== Segment start ==

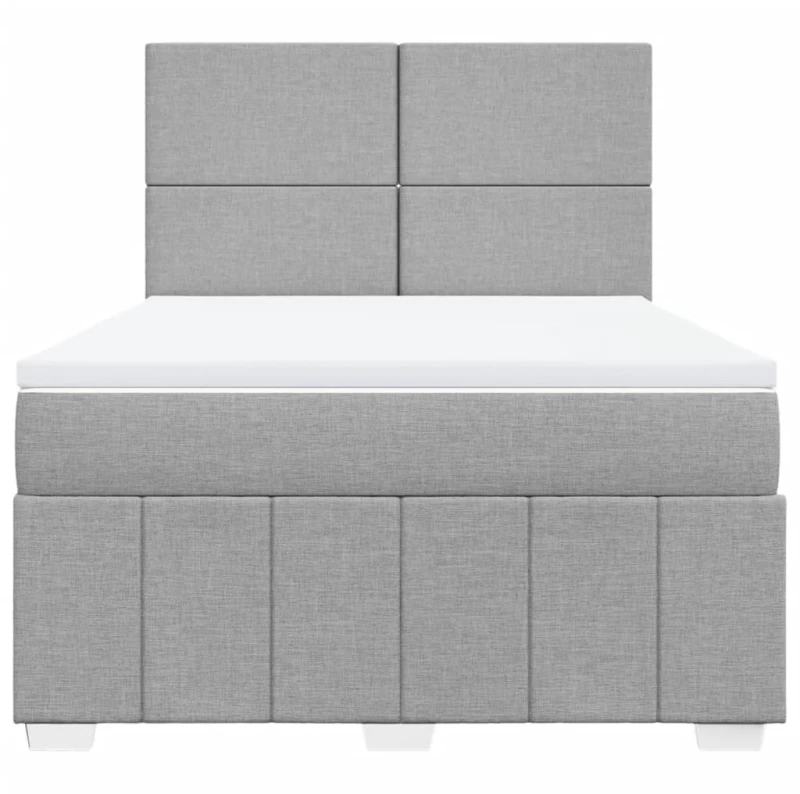 vidaXL Κρεβάτι Boxspring με Στρώμα Ανοιχτό Γκρι 140x190 εκ. Υφασμάτινο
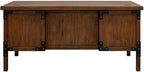 Pemberly Row Rustic Half Pedestal Wood Desk Writing Table Office Desk in Brown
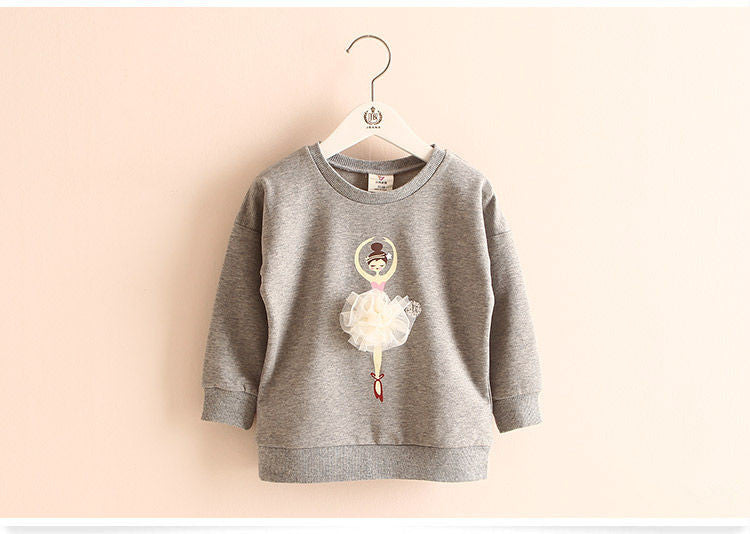 Ballet Girl Pattern Girls Sweatshirts New Spring/Autumn 6 Candy Colors Casual Long Sleeve Cotton Kids Clothes Children Tops - CelebritystyleFashion.com.au online clothing shop australia
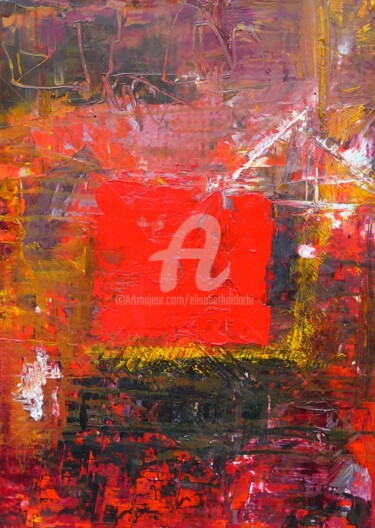 Peinture intitulée "carré rouge huile-s…" par Elisabeth Ait Larbi-Mangourny, Œuvre d'art originale, Huile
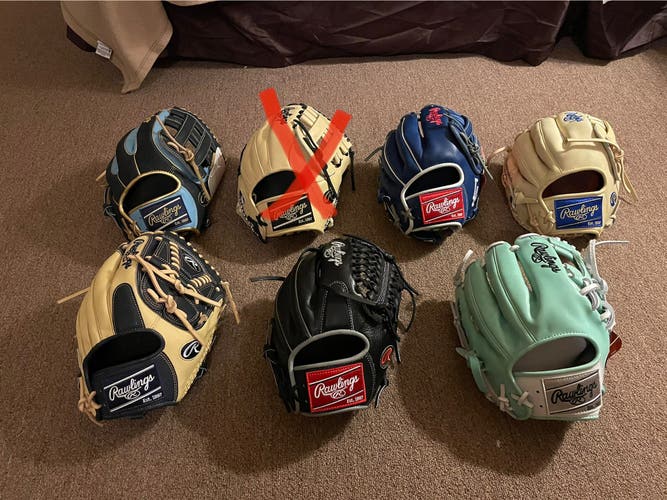 Lot Of Rawlings Exclusive Heart of the Hide Baseball Gloves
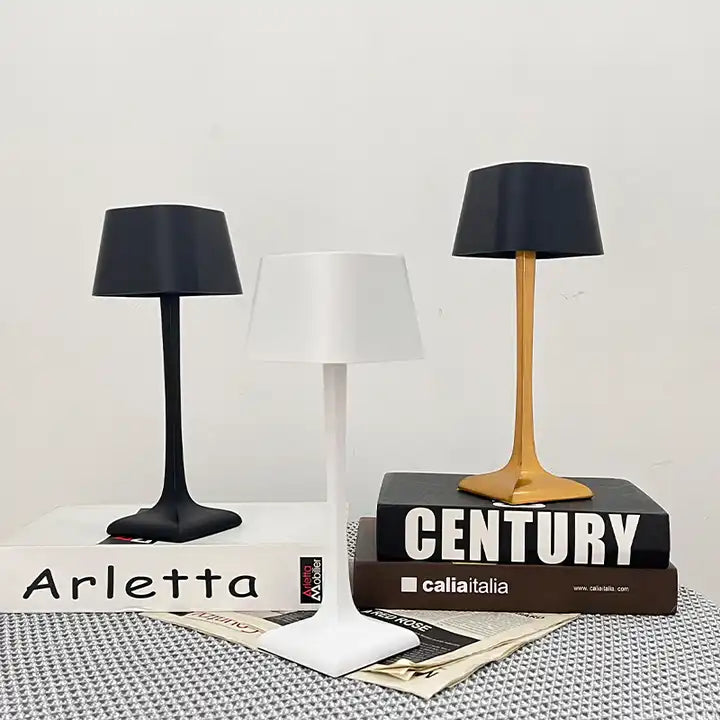Cordless Table Lamp Two Tone Metal Rechargeable Dimmable for Living Room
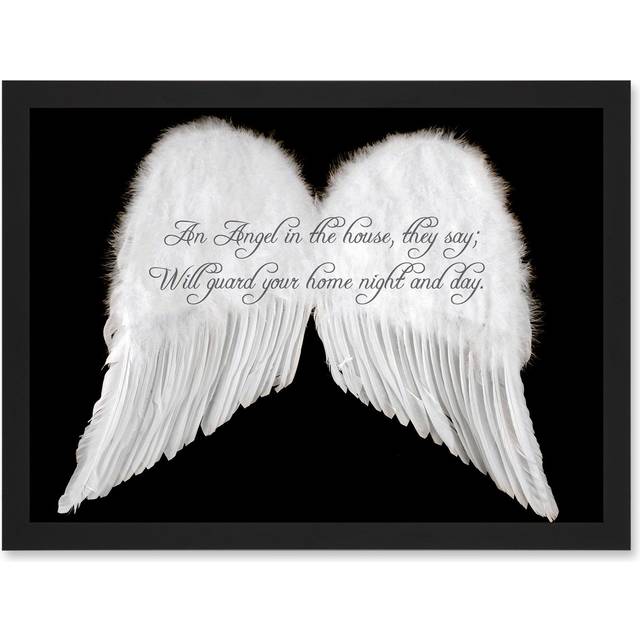 An Angel The House Guard Home Wings Quote Motivation Typography A4 Artwork Framed Wall Art Print - Black - One Size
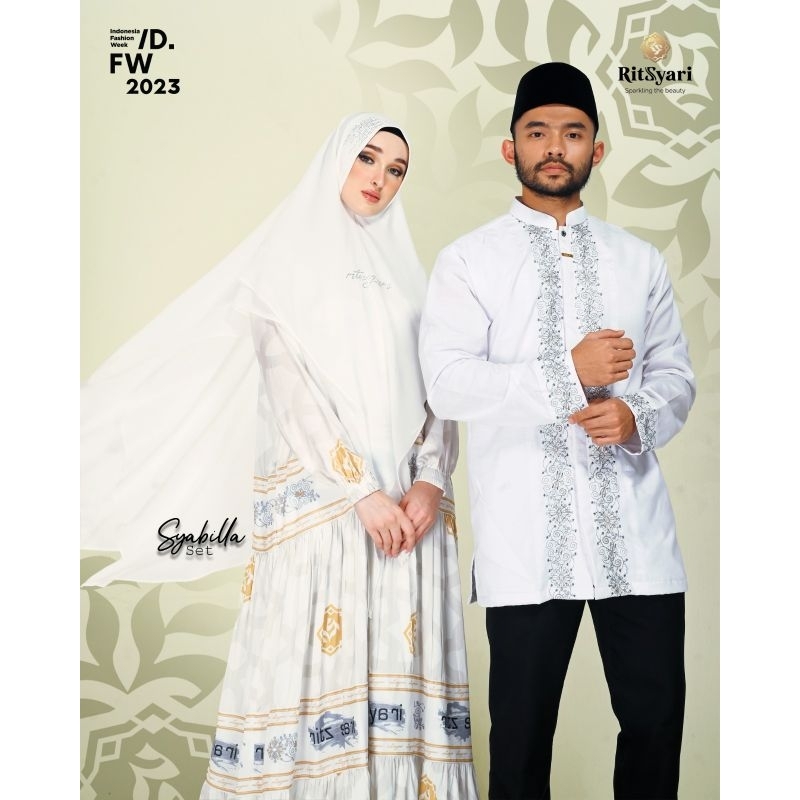 RITZ SYAR'I] GAMIS SYARI TERBARU / DRESS SET COUPLE RAYA " SYABILLA " By Ritz Syari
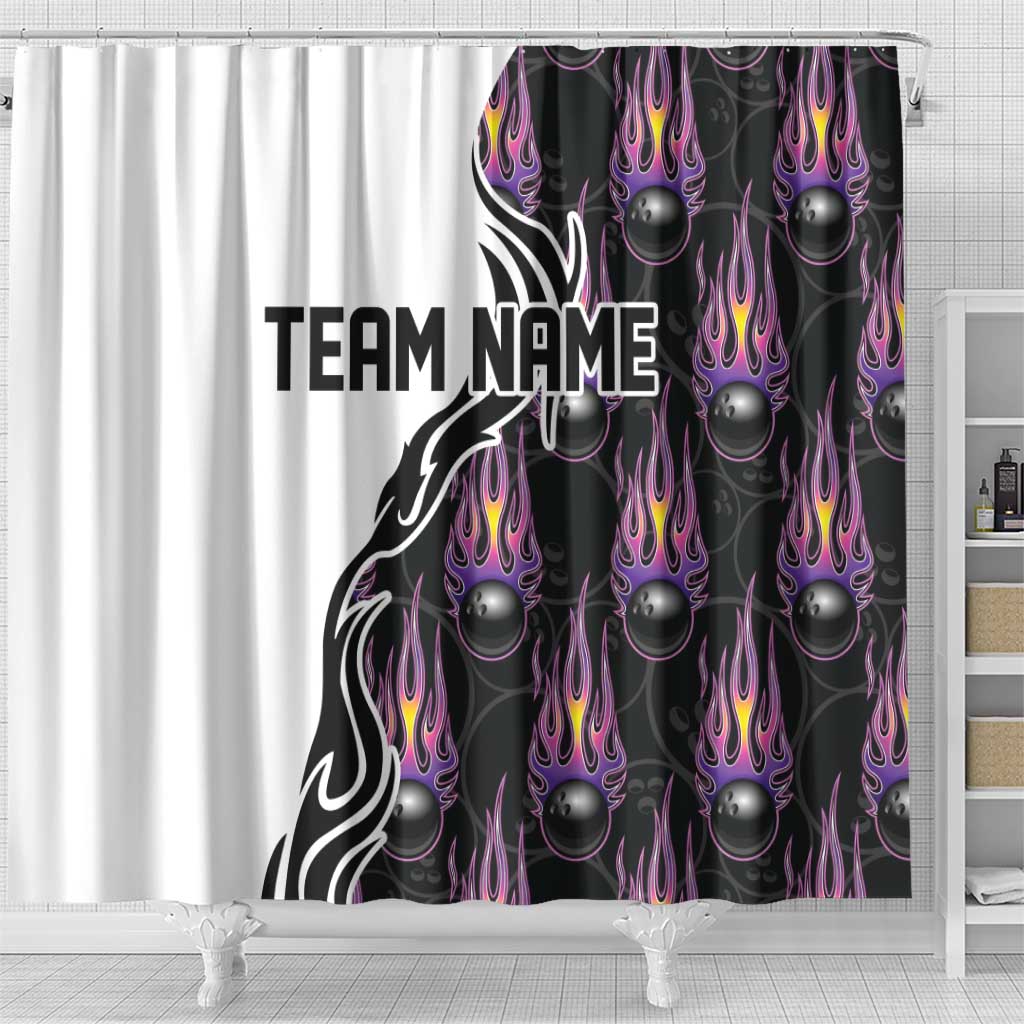 Custom Bowling Team Graphic Shower Curtain with Flaming Ball Design in Black White and Purple Flame Pattern - Wonder Print Shop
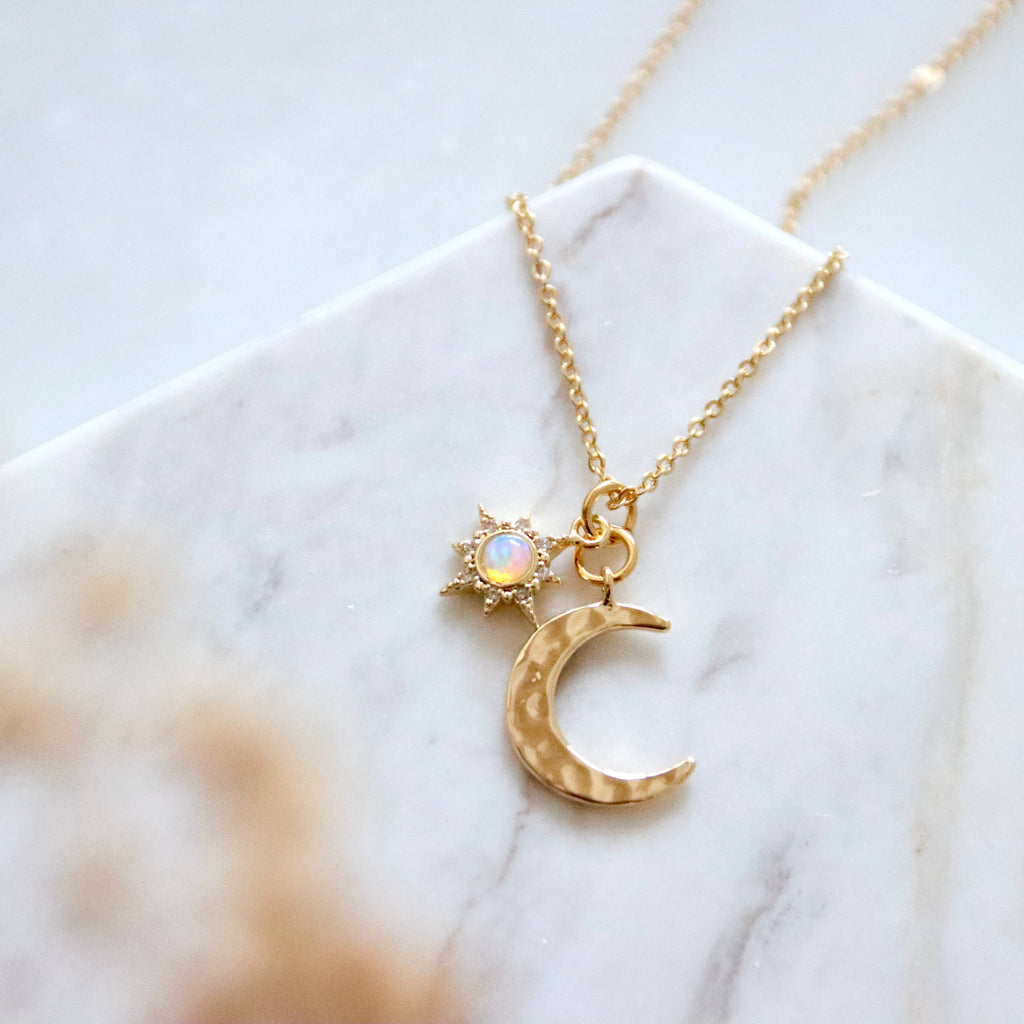 Opal Sun and Hammered Moon Necklace  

== Segment end ==

Everything from the line containing "RITZ SYAR'I] GAMIS" to the last line of the listing above is to be written out exactly, except the pictures, and nothing else.

 RITZ SYAR'I] GAMIS SYARI TERBARU / DRESS SET COUPLE RAYA " SYABILLA " By Ritz Syari
 Custom Bowling Team Graphic Shower Curtain with Flaming Ball Design in Black White and Purple Flame Pattern - Wonder Print Shop
 Opal Sun and Hammered Moon Necklace  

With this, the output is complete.